Potential mRNA vaccine for MS
Posted on Feb 17, 2021
Potential Multiple Sclerosis mRNA Vaccine
BioNTech in Germany is one of two companies (the other being Moderna in the US) that have successfully developed mRNA vaccines against SARS-CoV-2, the virus responsible for COVID-19. BioNTech has now published research1 done in collaboration with researchers from Johannes Gutenberg University (Mainz, Germany) demonstrating in mice that another mRNA vaccine it has developed may eventually become a successful treatment for multiple sclerosis (MS) in humans.
MS is an often disabling, although rarely fatal, autoimmune disorder of the central nervous system in which autoreactive T lymphocyte cells of the immune system erroneously attack and damage the myelin sheath that surrounds and protects nerve cells. There is no current cure for the disorder, which is experienced by an estimated 1 million persons in the US, with women three times more likely to contract MS than men. Existing treatments systemically suppress the immune system. While these do work somewhat on MS symptoms, they have the side-effect of creating vulnerability to infections.
The BioNTech research was conducted using an MS model known as experimental autoimmune encephalomyelitis (EAE), a pathology induced by immunizing mice with a myelin glycoprotein. As with the vaccine against SARSCoV2, a lipid nanoparticle was used to optimize delivery of the mRNA to lymphoid tissue-resident CD11c+ antigen-presenting cells (APCs). Also, in common with the COVID19 vaccine, a key aspect of making an autoimmune encephalomyelitis-protective vaccine was the use of a modified uridine ribonucleoside, 1methylpseudouridine (m1Ψ), in the encoding of the antigen used to vaccinate the mice.

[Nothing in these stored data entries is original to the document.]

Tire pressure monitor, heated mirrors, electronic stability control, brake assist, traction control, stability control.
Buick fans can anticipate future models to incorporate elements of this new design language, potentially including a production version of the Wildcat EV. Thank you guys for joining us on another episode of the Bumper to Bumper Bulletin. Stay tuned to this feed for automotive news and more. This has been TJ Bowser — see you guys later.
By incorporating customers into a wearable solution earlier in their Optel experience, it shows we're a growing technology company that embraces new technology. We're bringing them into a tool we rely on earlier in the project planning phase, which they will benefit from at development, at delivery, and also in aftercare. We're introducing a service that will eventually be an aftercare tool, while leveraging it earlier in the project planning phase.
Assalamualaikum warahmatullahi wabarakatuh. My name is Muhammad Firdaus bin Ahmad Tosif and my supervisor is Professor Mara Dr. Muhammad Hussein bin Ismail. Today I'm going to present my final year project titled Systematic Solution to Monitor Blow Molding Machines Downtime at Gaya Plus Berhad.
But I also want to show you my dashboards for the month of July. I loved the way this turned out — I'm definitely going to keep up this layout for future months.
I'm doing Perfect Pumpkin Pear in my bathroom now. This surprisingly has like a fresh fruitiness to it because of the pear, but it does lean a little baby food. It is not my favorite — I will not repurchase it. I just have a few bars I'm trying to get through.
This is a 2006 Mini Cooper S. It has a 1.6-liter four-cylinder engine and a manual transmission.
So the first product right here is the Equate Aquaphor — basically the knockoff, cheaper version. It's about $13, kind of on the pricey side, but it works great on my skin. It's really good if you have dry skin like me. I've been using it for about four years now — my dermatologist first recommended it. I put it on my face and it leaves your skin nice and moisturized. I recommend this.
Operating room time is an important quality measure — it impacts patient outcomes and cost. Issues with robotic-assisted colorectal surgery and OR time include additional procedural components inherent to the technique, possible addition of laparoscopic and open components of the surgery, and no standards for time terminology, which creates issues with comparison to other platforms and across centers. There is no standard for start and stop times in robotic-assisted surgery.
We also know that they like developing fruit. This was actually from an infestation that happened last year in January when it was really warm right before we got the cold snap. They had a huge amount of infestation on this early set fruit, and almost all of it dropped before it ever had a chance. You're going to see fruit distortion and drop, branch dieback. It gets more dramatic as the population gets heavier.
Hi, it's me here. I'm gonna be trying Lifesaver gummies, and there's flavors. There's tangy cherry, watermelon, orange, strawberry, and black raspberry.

Administration of native mRNA vaccines can result in activation of Toll-like receptors (TLRs) leading to strong T helper cell responses driving inflammation. However, mRNA with the modified ribonucleoside will not bind to TLR7, which greatly reduces the induction of inflammatory cytokines and activation of immune cells seen in negative controls using mRNA without the modified ribonucleoside. The muted response allows for higher and prolonged expression of the vaccine antigen, myelin glycoprotein, thereby allowing the immune system to tolerate specific MS-related proteins without depressing normal immune function.

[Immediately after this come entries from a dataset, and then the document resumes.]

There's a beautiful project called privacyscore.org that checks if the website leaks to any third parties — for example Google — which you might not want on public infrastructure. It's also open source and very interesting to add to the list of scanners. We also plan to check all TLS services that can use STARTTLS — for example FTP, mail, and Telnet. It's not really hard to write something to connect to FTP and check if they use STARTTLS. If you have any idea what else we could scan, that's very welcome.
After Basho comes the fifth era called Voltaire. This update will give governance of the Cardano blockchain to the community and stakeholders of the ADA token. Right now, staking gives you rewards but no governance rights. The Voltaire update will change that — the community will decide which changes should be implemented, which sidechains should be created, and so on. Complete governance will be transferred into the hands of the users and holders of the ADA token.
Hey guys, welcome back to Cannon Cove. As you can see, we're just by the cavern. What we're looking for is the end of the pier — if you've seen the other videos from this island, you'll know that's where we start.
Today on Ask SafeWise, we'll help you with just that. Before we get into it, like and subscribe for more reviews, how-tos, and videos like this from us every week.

The experimental protocol for induction of experimental autoimmune encephalomyelitis in mice was the injection of a peptide derived from myelin oligodendrocyte glycoprotein (MOG35–55), and this was the antigen encoded by the mRNA vaccine. Mice that had been vaccinated prior to receiving the induction peptide were completely protected from developing experimental autoimmune encephalomyelitis. Even more encouraging was that vaccination of mice with experimental autoimmune encephalomyelitis already established experienced no further progression of their disease, and in some cases even saw some reversion of symptoms.
The vaccine was also effective against experimental autoimmune encephalomyelitis induced with a peptide from a different myelin molecule, proteolipid protein (PLP139151), an indication that the treatment promotes “bystander tolerance.” Bystander tolerance is provided by regulatory T (Treg) cells by suppressing the activity of T helper cells against antigens in the inflamed tissue. Such inhibition is key to treatment of a complex autoimmune disease like MS in which specific self-antigens may vary from patient to patient. However, administration of the vaccine did not impact immune responses to completely unrelated antigens. Single-cell sequencing revealed that the vaccine induced specific suppression of disease-promoting T helper cells via the de novo induction of Treg cells, rather than by deletion of autoreactive cells. Interestingly, “checkpoint inhibitors” proteins PD1 and CTLA4, well known for their activity to allow the immune system to recognize and destroy cancer cells, appeared to be involved in this suppression of T helpers in experimental autoimmune encephalomyelitis. When these co-inhibitory molecules were blockaded, the protective effect of the vaccine was nearly abolished, and elements of the immune system began to attack cells presenting the myelin oligodendrocyte glycoprotein (MOG peptide).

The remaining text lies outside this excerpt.